Sorting data is useful for organizing and analyzing data. You can use the `orderBy` or `sort` method to sort rows.

### Example

```python
# Sort by 'registration_date' in descending order
df.orderBy("registration_date", ascending=False).show(5)
```

**Output**

| customer_id | name        | city      | country | registration_date | active_status | is_premium |
|-------------|-------------|-----------|---------|-------------------|---------------|------------|
| 1           | Customer_1  | Bangalore | India   | 2023-10-19        | False         | False      |
| 0           | Customer_0  | Pune      | India   | 2023-10-10        | True          | False      |
| 7           | Customer_7  | Bangalore | India   | 2023-08-25        | True          | False      |
| 8           | Customer_8  | Bangalore | India   | 2023-07-13        | False         | False      |
| 5           | Customer_5  | Hyderabad | India   | 2023-07-26        | True          | False      |

### Explanation
- **`orderBy`**: Sorts the DataFrame by specified columns.
- **`ascending=False`**: Sorts in descending order.

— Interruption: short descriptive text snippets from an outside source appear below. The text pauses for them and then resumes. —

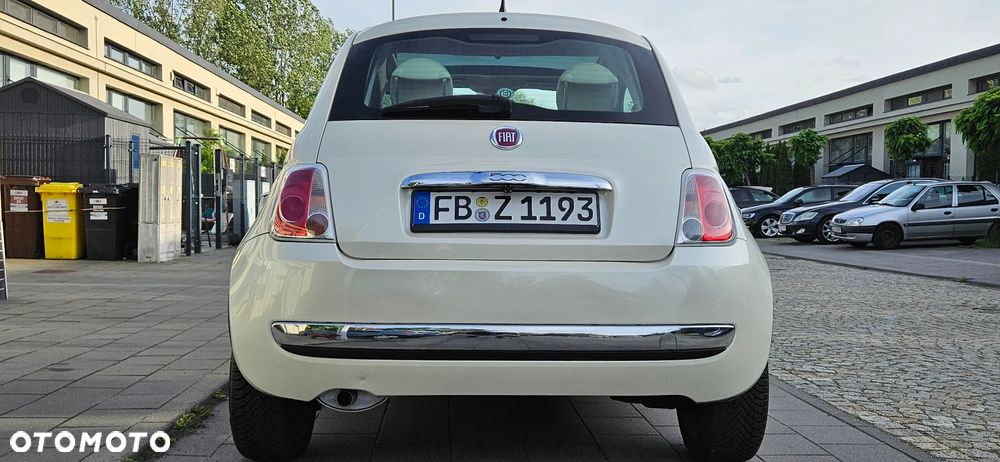 Fiat 500 1.4 16V Lounge - 39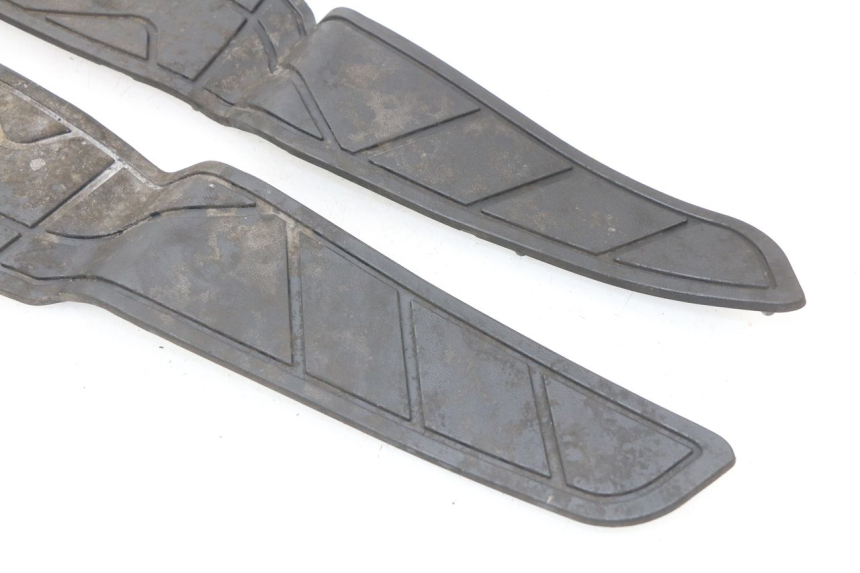 photo de TAPA REPOSAPIES GOMMA KYMCO X-CITING XCITING 400 (2014 - 2018)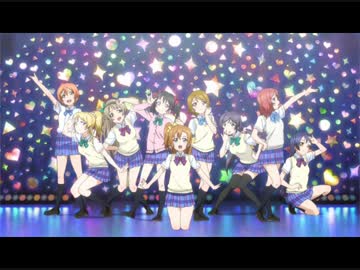 【作業用】ラブライブメドレーMIX 前半戦
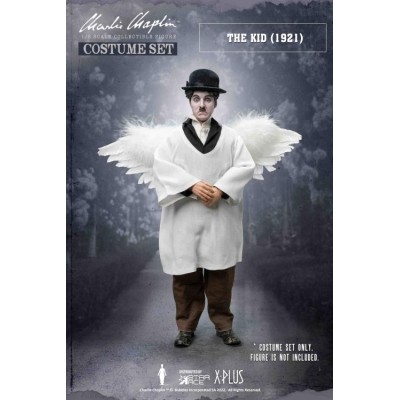 STAR ACE CHARLIE CHAPLIN THE KID COSTUME SET
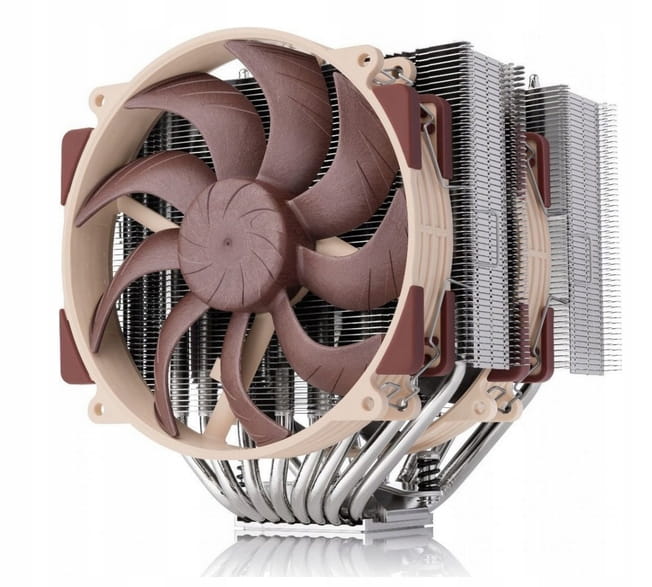 Chłodzenie procesora Noctua NH-D15 G2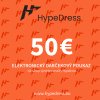 e poukaz hypedress 50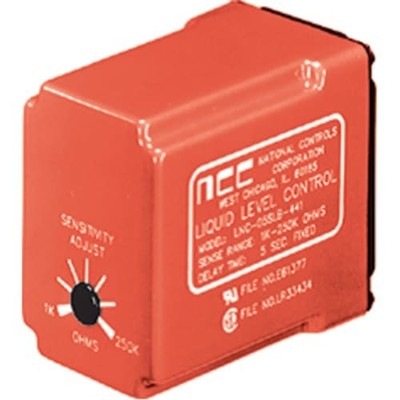 1PC NCC AMETEK LNC-05SLB-441 Resistance Sensor, 18 VAC, 2.0 mA, 8 Pin, -23��C to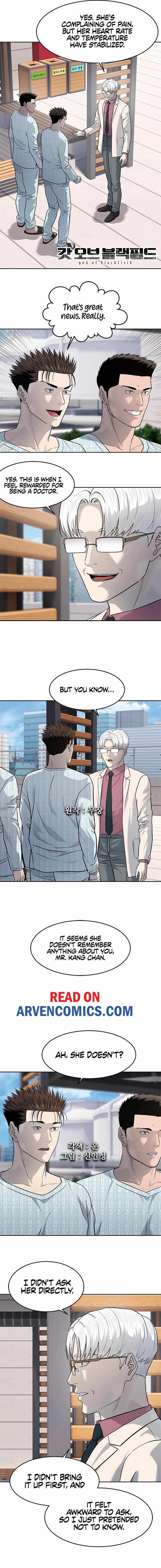 God of Blackfield — Chapter 233 — page 2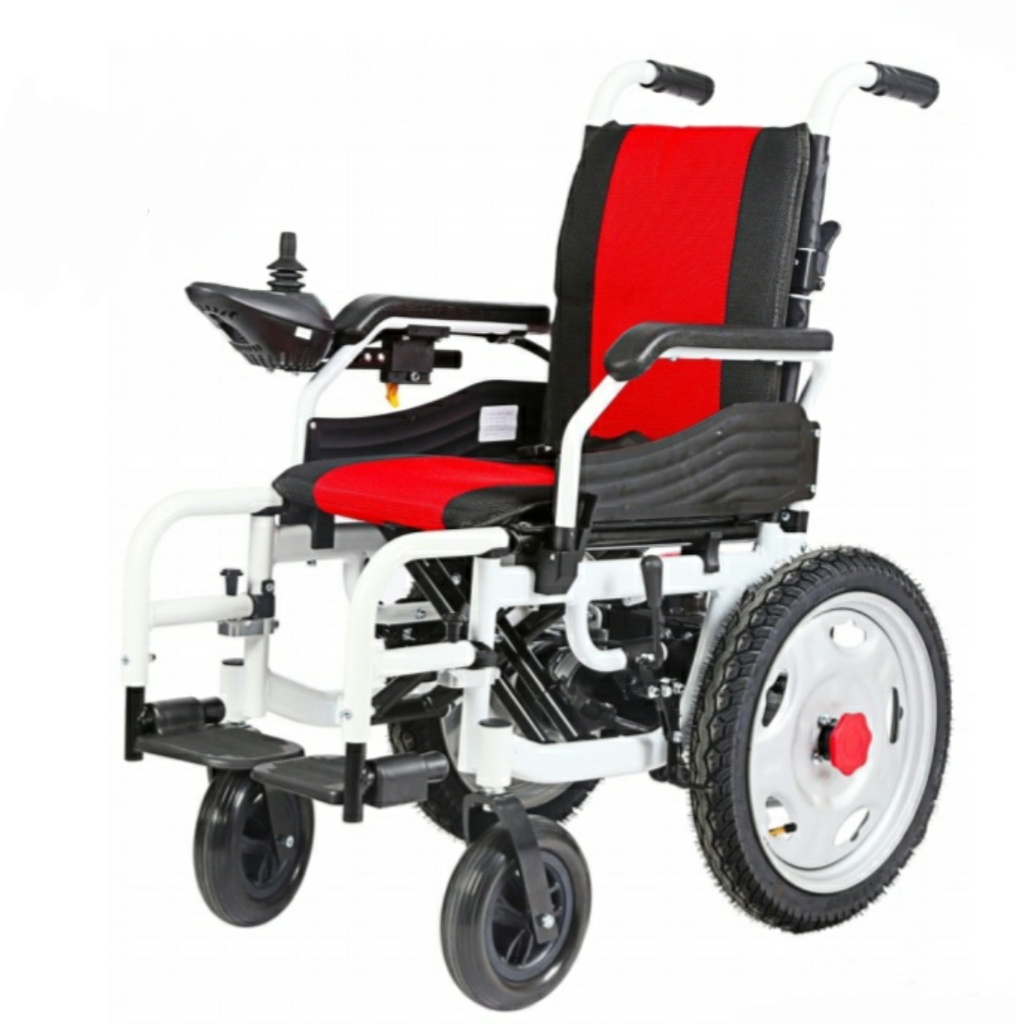 ELECTRIC WHEEL CHAIR PEDIATRIC 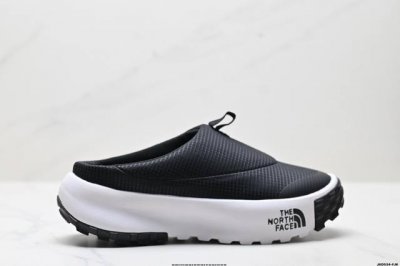 公司级北面The North Face Never Stop 织物Tpu 舒适百搭 减震防滑透气轻便 低帮 生活休闲鞋 货号:8A913Ky4-080 尺码:3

## 7. Handling Missing Data

Handling missing data is crucial for accurate analysis. You can use methods like `na.fill` and `na.drop` to handle missing values.

### Example

```python
# Fill missing values in 'city' with 'Unknown'
df.na.fill({"city": "Unknown"}).show(5)

# Drop rows with missing values
df.na.drop().show(5)
```

### Explanation
- **`na.fill`**: Fills missing values with specified values.
- **`na.drop`**: Drops rows with missing values.

## 8. Distinct and Duplicate Handling

You can remove duplicate rows using the `distinct` and `dropDuplicates` methods.

### Example

```python
# Remove duplicate rows
df.distinct().show(5)

# Remove duplicates based on specific columns
df.dropDuplicates(["city", "state"]).show(5)
```

### Explanation
- **`distinct`**: Removes duplicate rows from the entire DataFrame.
- **`dropDuplicates`**: Removes duplicates based on specific columns.

## 9. Union Operations

You can combine two DataFrames using the `union` method.

### Example

```python
# Create another DataFrame with similar schema
new_data = [
    (10, "Customer_10", "Mumbai", "Maharashtra", "India", "2023-09-01", True),
    (11, "Customer_11", "Chennai", "Tamil Nadu", "India", "2023-09-15", False)
]
new_df = spark.createDataFrame(new_data, schema=df.schema)

# Union the two DataFrames
combined_df = df.union(new_df)
combined_df.show()
```

### Explanation
- **`union`**: Combines two DataFrames with the same schema.